Creating and managing requirements, and understanding the downstream implications require information and co-operation in an industry network as much as in the R&D department.

Manufacturers should look at the whole customer need to first product delivery cycle, sometimes called “idea to delivery” or I2D. That means looking at the business in a different way. Not only must the manufacturer break down organisational barriers internally but also they must create an industry network that can respond.

Enterprise applications software today still focuses internally on ‘the enterprise’, often within a department. Product Lifecycle Management helps research and development take requirements and implement them in various technologies to create a product. Enterprise Resource Planning manages volume production and distribution of each instance of the product. Manufacturing Execution Systems manage and monitor work-in-process on the factory floor.

Next step – think bigger

The next generation of enterprise applications software will have to enable the industry network rather than the enterprise. Many providers already realize this.

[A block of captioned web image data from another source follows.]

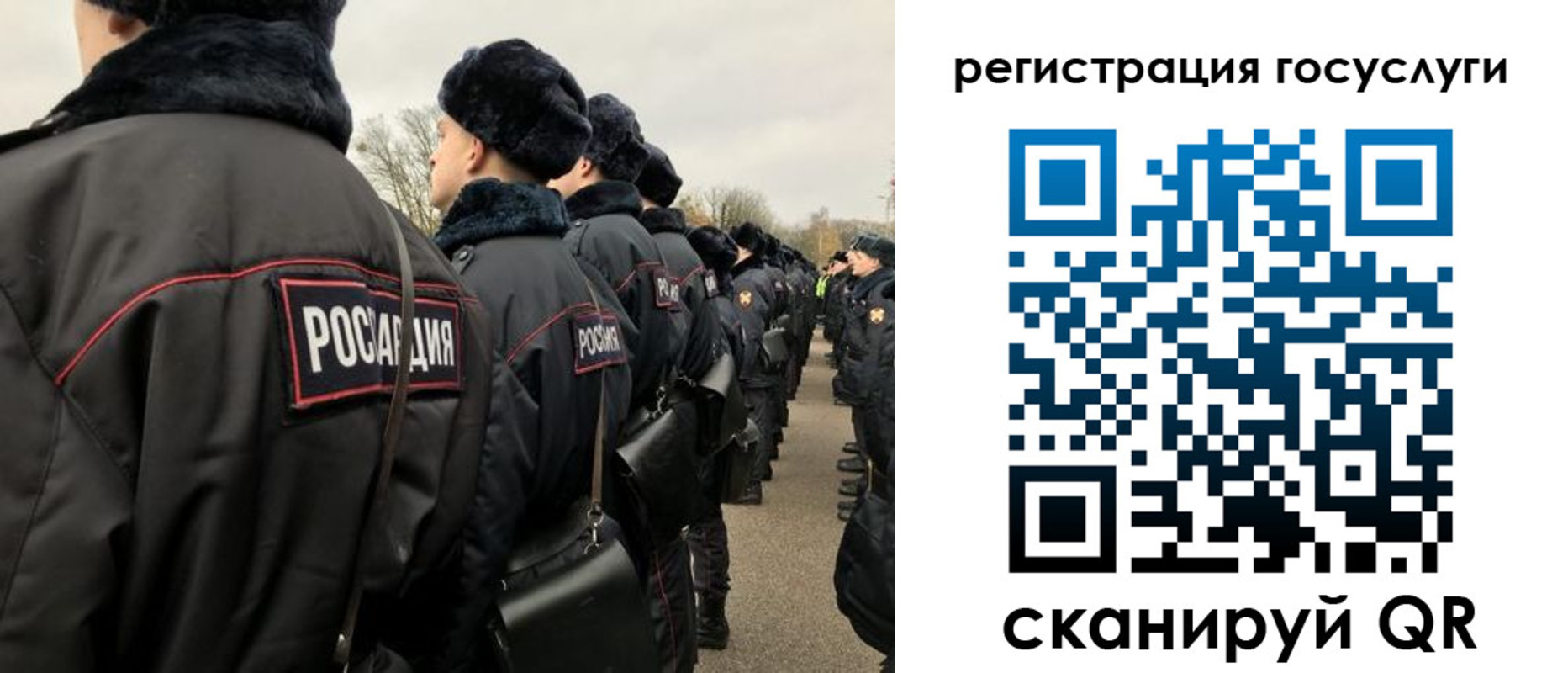 временная регистрация гарантия в Соколе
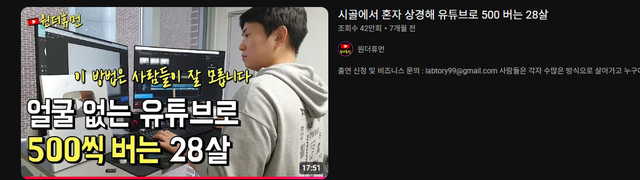 image.png 요즘 집에서 월 300-400 버는 직업군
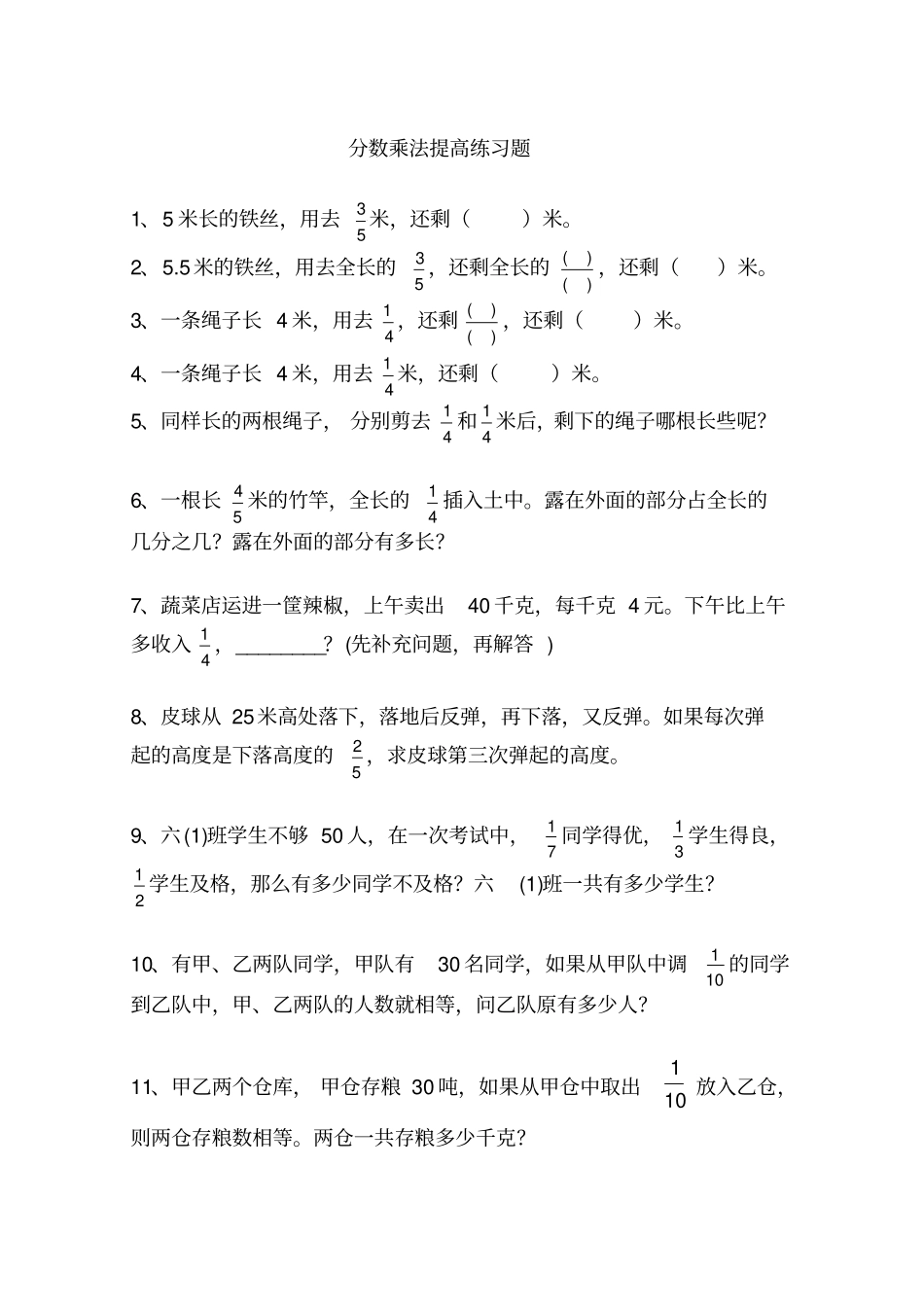 人教版小学六年级数学上册分数乘除法提高练习题及应用题复习题_第1页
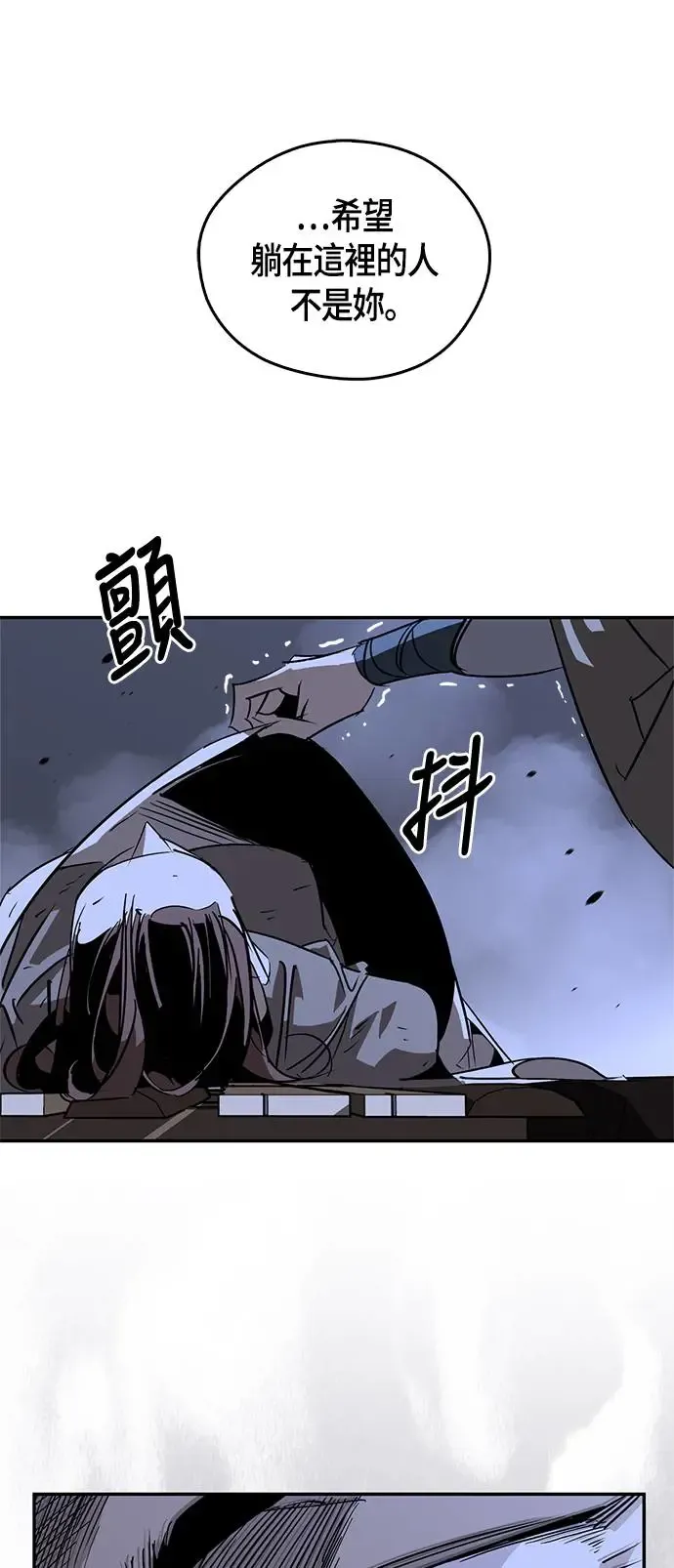 第39话 第54页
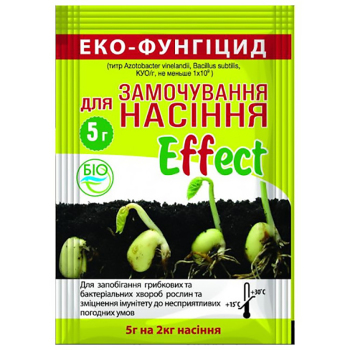 Біо-фунгіцид Effect для замочування насіння 5 гр, Біохім - Сервіс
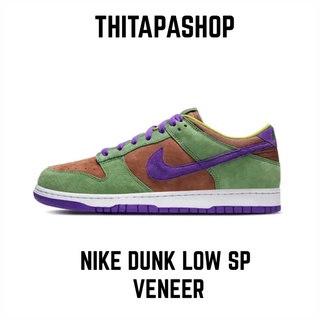 NIKE DUNK LOW SP VENEER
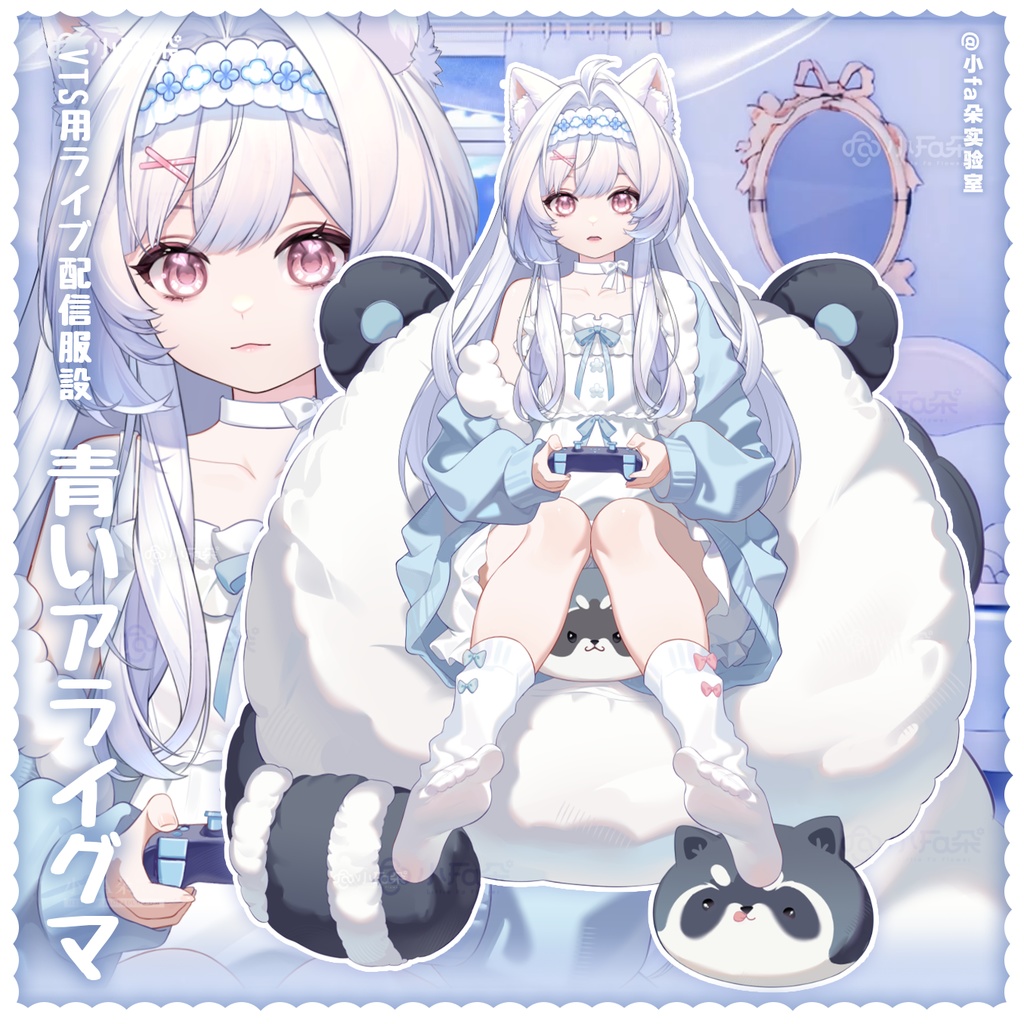 【Vts】【VTuber向け】【蓝色浣熊】Vtuberライブダイナミックな新着/バーチャルキャスターVTSダイナミックペンダント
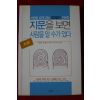 2007년 지문을 보면 사람을 알수가 있다
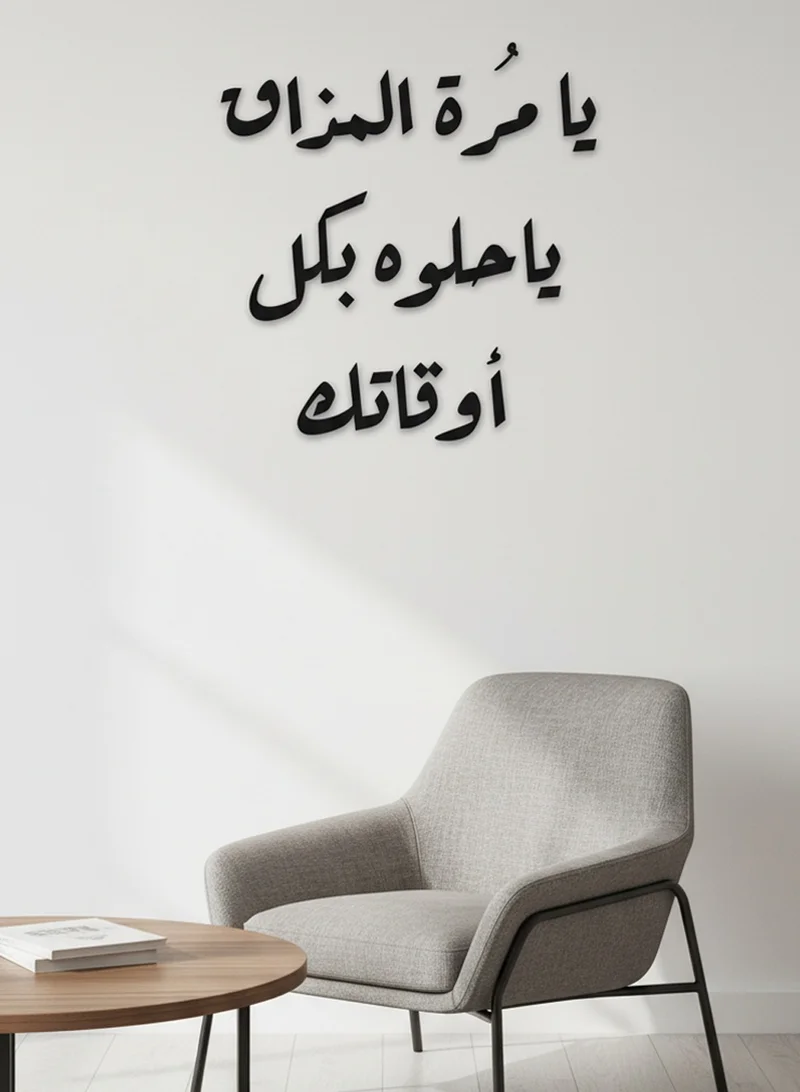 LOWHA Acrylic Wall Art with Back Sticker Featuring a Laser Cut Coffee Phrase in Arabic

SAP has been running a marketing campaign called Idea to Delivery (I2D). They recognize that the whole product lifecycle, from managing ideas, through research to production and marketing has to be integrated. It promotes the SAP PLM solution as an enabler of that change. In a recent SAPinsider interview, SAP’s Thomas Ohnemus and Richard Howells spoke about taking a holistic view of the value chain and thinking about R&D as part of the supply chain.

Ohnemus spoke about a value chain that extends outside the enterprise. Both recognised that product differentiation and including customer input will become key success factors. Howells said that SAP is researching how technology would assist companies to separate out useful information for product innovation from the noise of internet chatter.
Paul Boris, SAP’s global vice president, advanced manufacturing solutions emphasised the need, in order not to constrain customer focused strategies, for all software applications to continuously communicate:

“Apple is a great example, but generally delivers earth-shaking ideas twice a year as they roll out product changes. This is how auto companies have typically done model changes – once per year. This allows for systems to be run in a much more disconnected fashion as large chunks of data are moved thru the I2D process. Many (maybe most) companies need to deliver these changes with much greater frequency, which becomes problematic when the systems are not designed to talk, and when hundreds of data sets hamper real analytics. MES is not a differentiator, unless it is seamlessly tied to the value chain. New ideas are transmitted across the value chain, formalised in PLM and launched in MES with the loop being closed in real-time. This means that non-value-added systems and the latency associated with shuttling the data is eliminated, resulting in faster (seamless) innovation cycles.”

Dassault Systèmes too are enhancing their portfolio. That includes functionality for the initial part of the cycle where prospective customers’ wants and needs are researched and turned into a requirements specification. Dassault Systèmes president, Bernard Charles, remarked at last June’s Innovation Summit that there are “special moments” in life. He defined part of Dassault Systèmes mission to be to “provide business and people with 3D lifelike universes to imagine sustainable innovations capable of harmonizing products, nature, and life”. Clearly, Dassault Systèmes expect using their advanced visualization will give their customers the edge when collecting useful customer ideas.

The concrete examples of functionality to support these initiatives are still quite sparse. We think that suppliers will have to go further with these ideas. Some holy cows may have to be sacrificed. SAP still talks about providing “A single view of the truth”.

Until a manufacturer decides the exact form in which to manufacture a product to meets customer requirements there are often many possible versions of the truth. Dassault may have to reposition itself from being a PLM supplier to an Enterprise Applications supplier, despite their proud claim that, in 1999, Dassault Systèmes “invented PLM”.

Most Manufacturers do understand their competitive edge. Their challenge is to invest in planning a portfolio of future products that will meet customers’ future needs and wants. It won’t be simply updating today’s product portfolio of models, year by year. It will be a stream of products that represent innovation within the scope of the manufacturer’s core values. Customer input will have to be enabled by enterprise applications.

If this stream of products can all be perceived as part of a family, as in the cases of Apple and Dyson, then the manufacturer will build a brand that will enable them to enhance other, perhaps less innovative products, to stretch their brand and generate additional revenues with premium prices.